North Korea has some 25,554 km of roads, according to 2006 figures, but just 3% are actually paved, amounting to a meagre 724km (449 miles).
It's also estimated that only about 11 out of every 1,000 North Koreans owns a car, which means a long queue at the bus stop for most people who need to travel.
North Korea relies on coal exports to keep its economy above water - but it's hard to measure their true value as the data comes from countries receiving the coal.
Much of North Korea's coal is exported to China, which banned imports in February 2017. However some analysts question the nature of the sanction.
"There are folks who track ships and have seen North Korean ships docking at coal terminals at Chinese ports even after the ban.
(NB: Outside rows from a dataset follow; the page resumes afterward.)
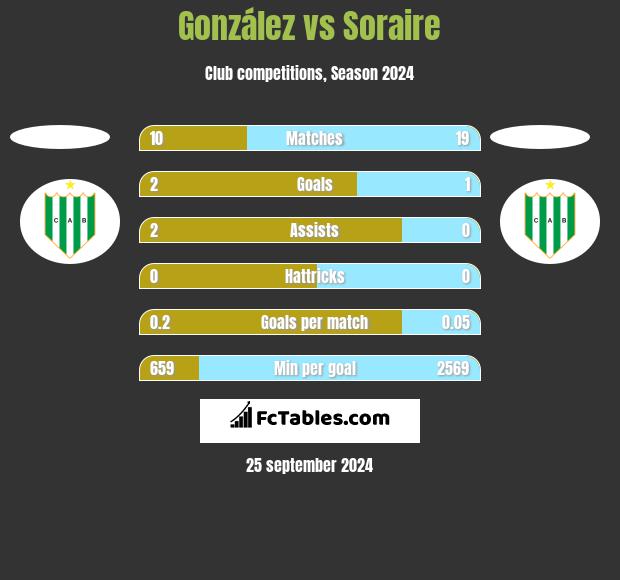 González vs Soraire h2h player stats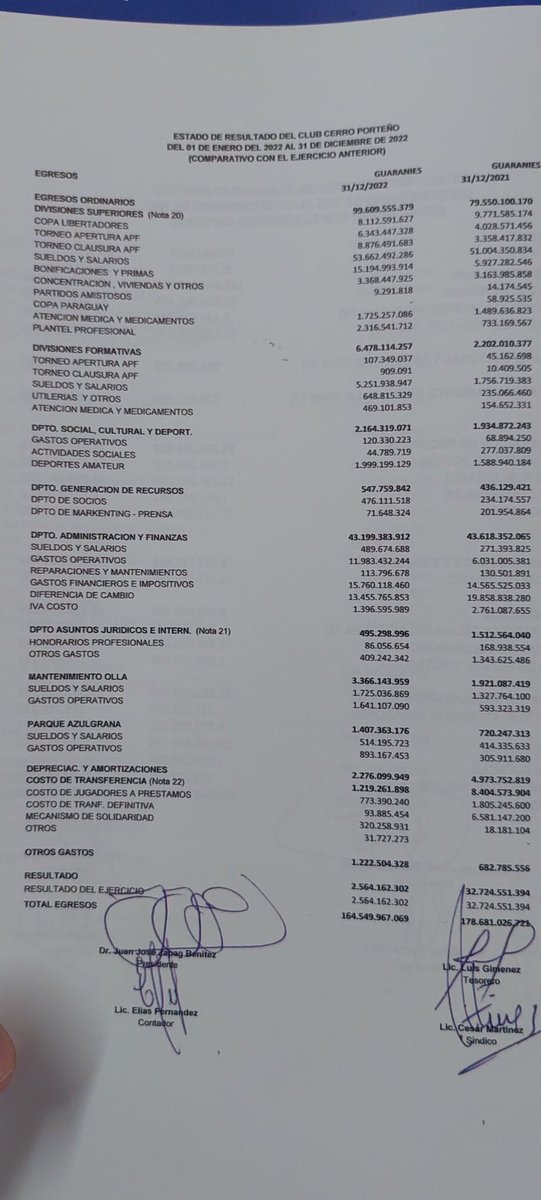 Sueldos y salarios, periodo 2022:
53.662.492.286 Gs
7.500.000 dólares aproximadamente.
<a href="/1912Territorio/">TERRITORIO 1912</a>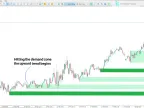 MT5 Supply and Demand Area Indicator Download | Forex Indicator Download - MetaTrader 5 Resources - MetaTrader 5 Resources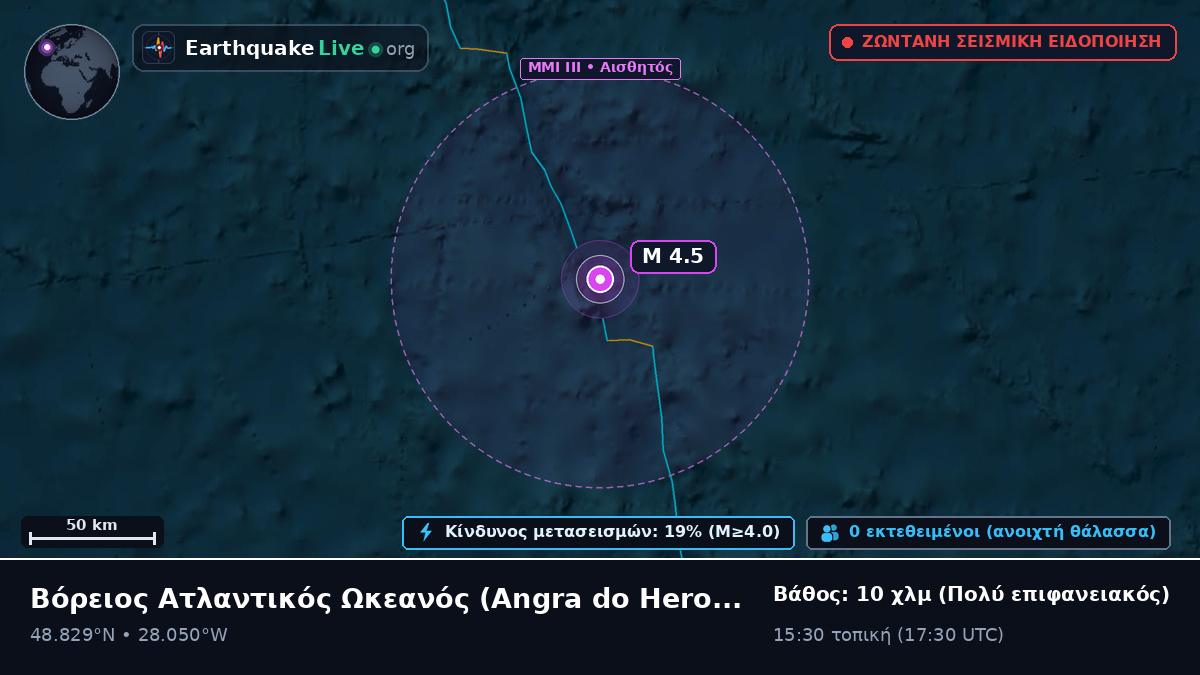 Βόρειος Ατλαντικός Ωκεανός (Πορτογαλία)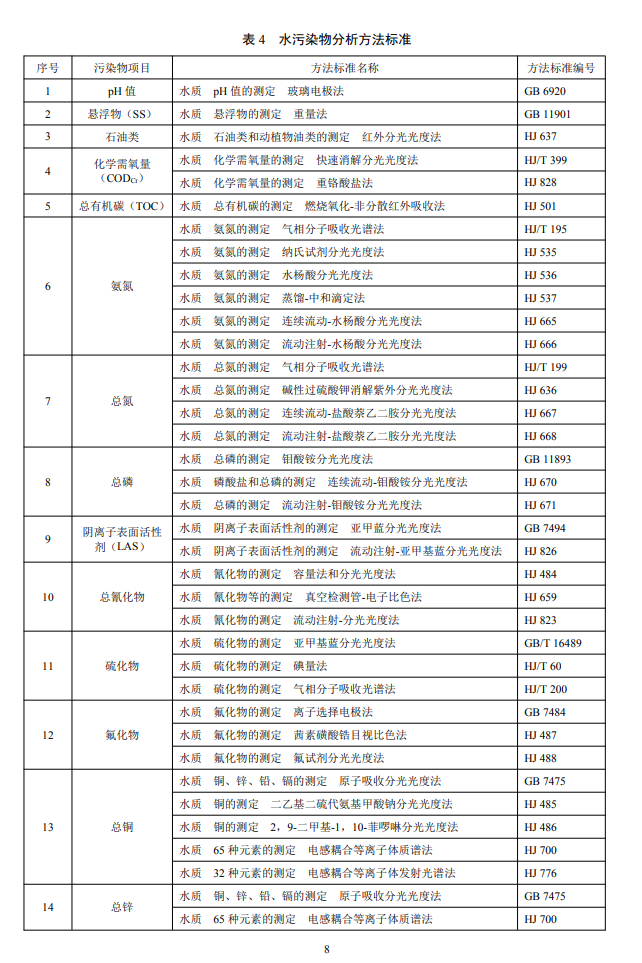 電子工業(yè)水污染物分析方法1.png 電子工業(yè)水污染物分析方法1.png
I do believe that China has disrupted coal imports, but not completely," says Kent Boydston, research analyst at the Peterson Institute for International Economics.
Until 1973 North and South Korea were pretty evenly matched in terms of wealth.
Since then, South Korea has rocketed ahead to become one of the world's leading industrial producers, with companies like Samsung and Hyundai becoming global household names.
North Korea stagnated in the 1980s as the country stuck rigidly to its state-run system.
While North Korea is the 52nd largest country by population, it is considered to have the world's fourth largest army.
Military spending is estimated to account for as much as 25% of GDP, and almost every North Korean man undergoes some form of military training.
A series of famines in the late 1990s caused a sharp drop in life expectancy in North Korea, but even without that factor, the North lags nearly 12 years behind.
Food shortages persist and are one of many reasons why South Koreans generally live longer.
In 2017 South Korea's birth rate hit a record low as the country continued a decade-long struggle to boost the country's birth rate.
It has spent about $70bn (£53bn) handing out baby bonuses, improving paternity leave and paying for infertility treatment.